Sono stati 130 i decessi registrati dal Dipartimento dell’Amministrazione Penitenziaria da inizio del 2025: 37 suicidi, 29 decessi per cause da accertare, 63 decessi per cause naturali, un decesso accidentale. Nel rapporto del garante nazionale dei diritti delle persone private della libertà personale si sottolinea come nel periodo 2021-2024 in carcere si sono verificati 294 suicidi con una media di circa 73,5 suicidi/anno con un minimo di 59 (2021) e un massimo di 84 nel 2022. Nel 2024 i suicidi accertati dal Dap sono 83, i decessi per cause da accertare 18. Delle 37 persone che si sono suicidate 14 (circa il 38%) avevano una fine pena inferiore a 3 anni: 5 entro il 2025, 5 entro il 2026 e 4 entro il 2027, e a esclusione di due persone, tutte avevano una posizione giuridica ‘definitiva’.

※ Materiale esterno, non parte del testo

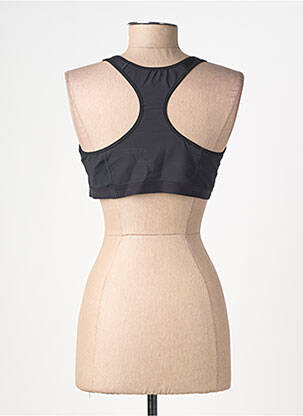 Sutien efect material satinat sutiene negru NIKE femeie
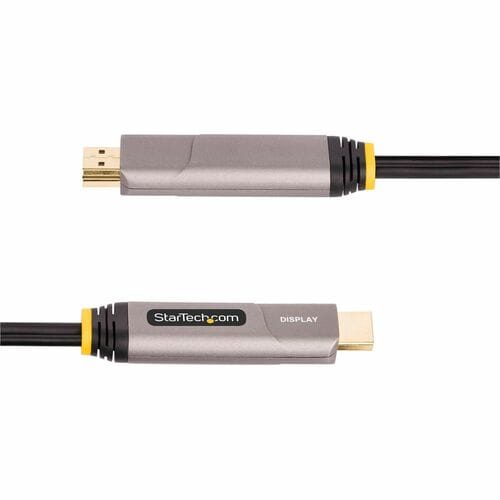 StarTech.com 30ft (9.15m) USB-C to HDMI 2.0 Active Optical Cable (AOC)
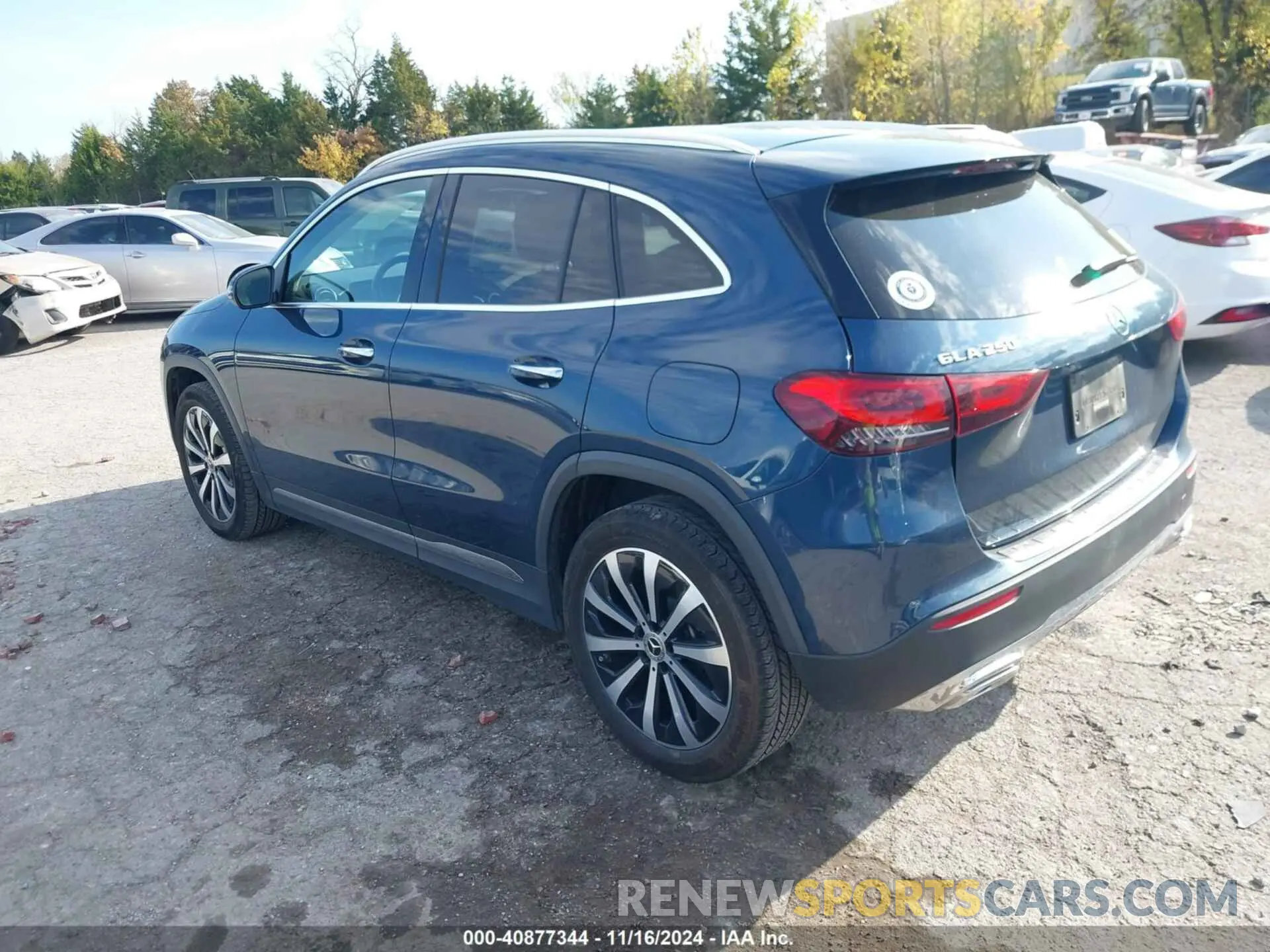 14 Photograph of a damaged car W1N4N4GB6MJ234881 MERCEDES-BENZ GLA 250 2021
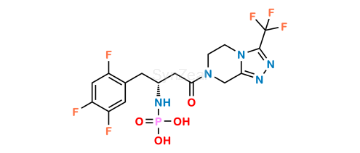 Picture of Sitagliptin N-Phoshate Impurity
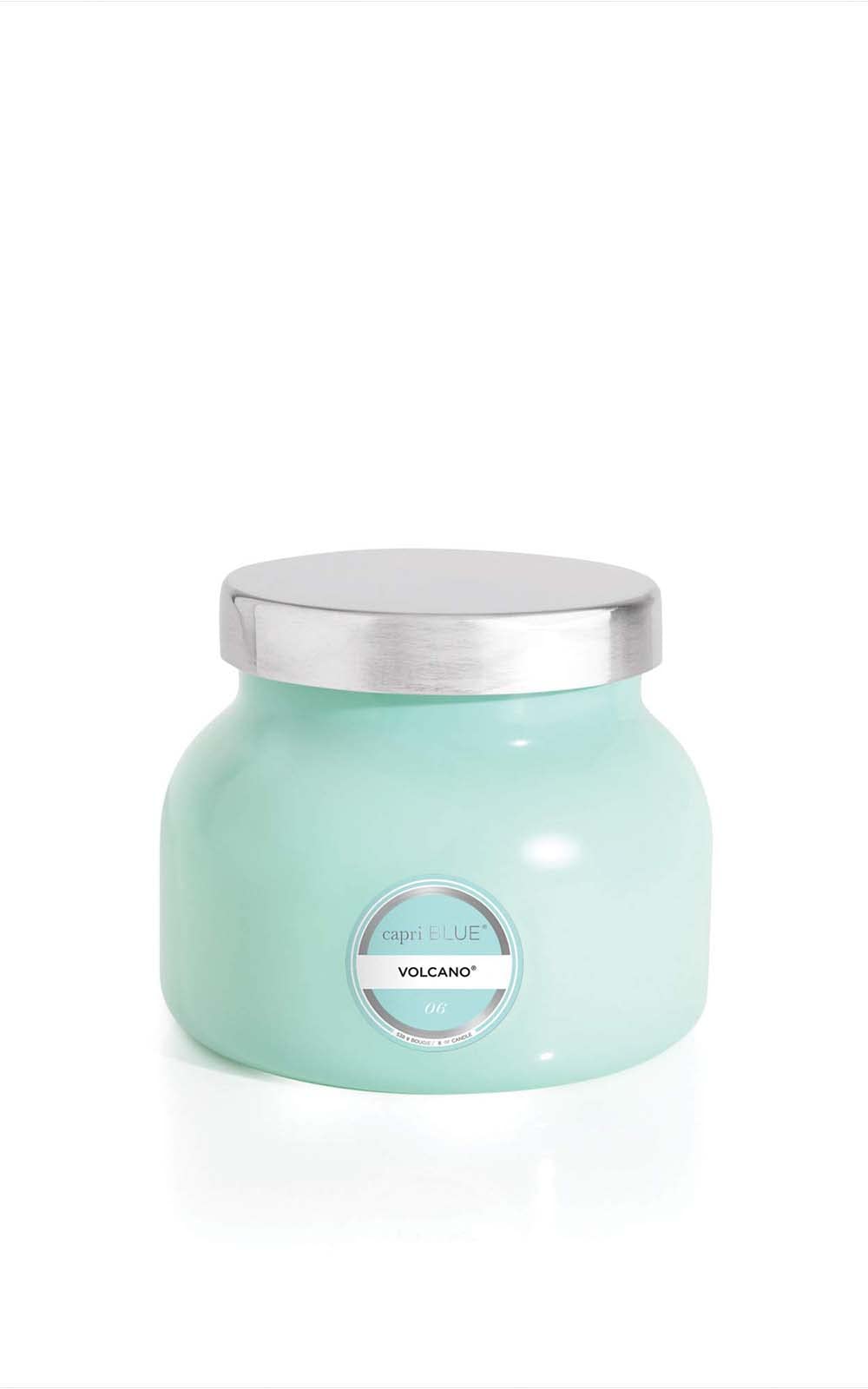 Capri Blue Volcano Scented Candles - Luxury Glass Jar Candles for Home Scented with Tropical Fruit & Sugared Citrus - Soy Wax Blend - Capri Blue Volcano - Blue Color (19 oz)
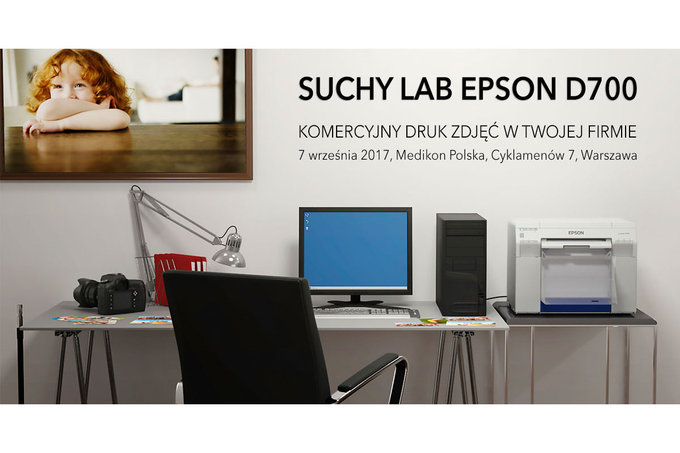 Suchy Lab Epson D700 - 7 wrzenia pokaz w Warszawie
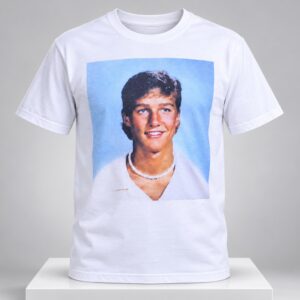 Woody Harrelson Matthew McConaughey Young Shirt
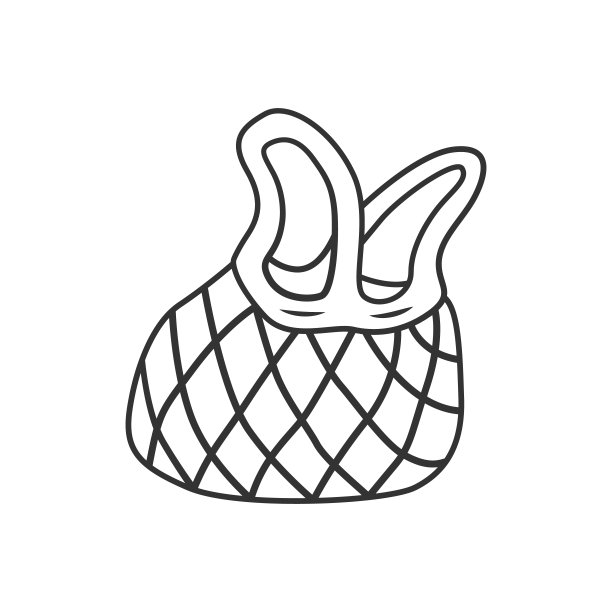 网市场袋线性图标图片下载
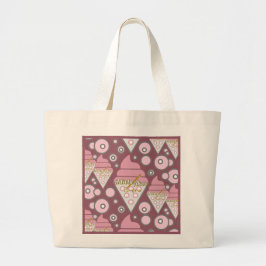 Irresistible Ice Cream Grape Tote av Adiela Akoo Jumbo Tygkasse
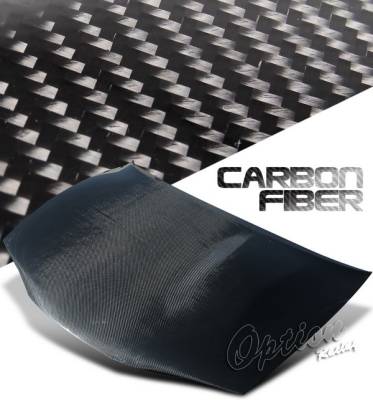 Mitsubishi Eclipse Option Racing Carbon Fiber Hood - NRG-CH-M013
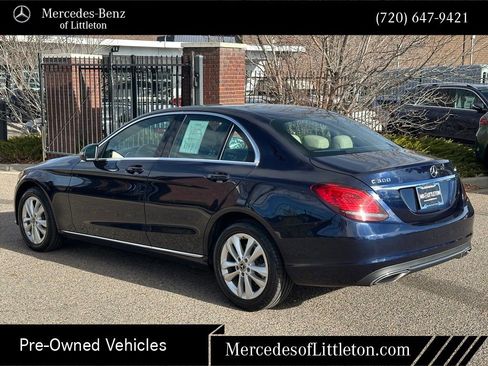 Certified 2019 Mercedes-Benz C 300 4MATIC Sedan image 3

Altre 14 (circa il 38%) erano in attesa di primo giudizio. Il sovraffollamento è tra i punti critici, si legge nel rapporto. Tra le situazioni più rilevanti, spiccano quelle nella casa circondariale di Bergamo, dove l’indice sovraffollamento è 184,59 (a fronte di una capienza di 319 persone, i detenuti presenti sono 587), a Foggia 214,79 (per 364 la capienza, 668 i reclusi), a Modena di 154,99 (371 i posti disponibili, 575 i presenti), a Poggioreale Napoli di 157,73 (2101 i detenuti presenti a fronte di una capienza di 1624), a Regina Coeli Roma 190,73 (1091 i detenuti per 572 posti disponibili) e a Verona di 184,78 (619 presenti contro una capienza di 335).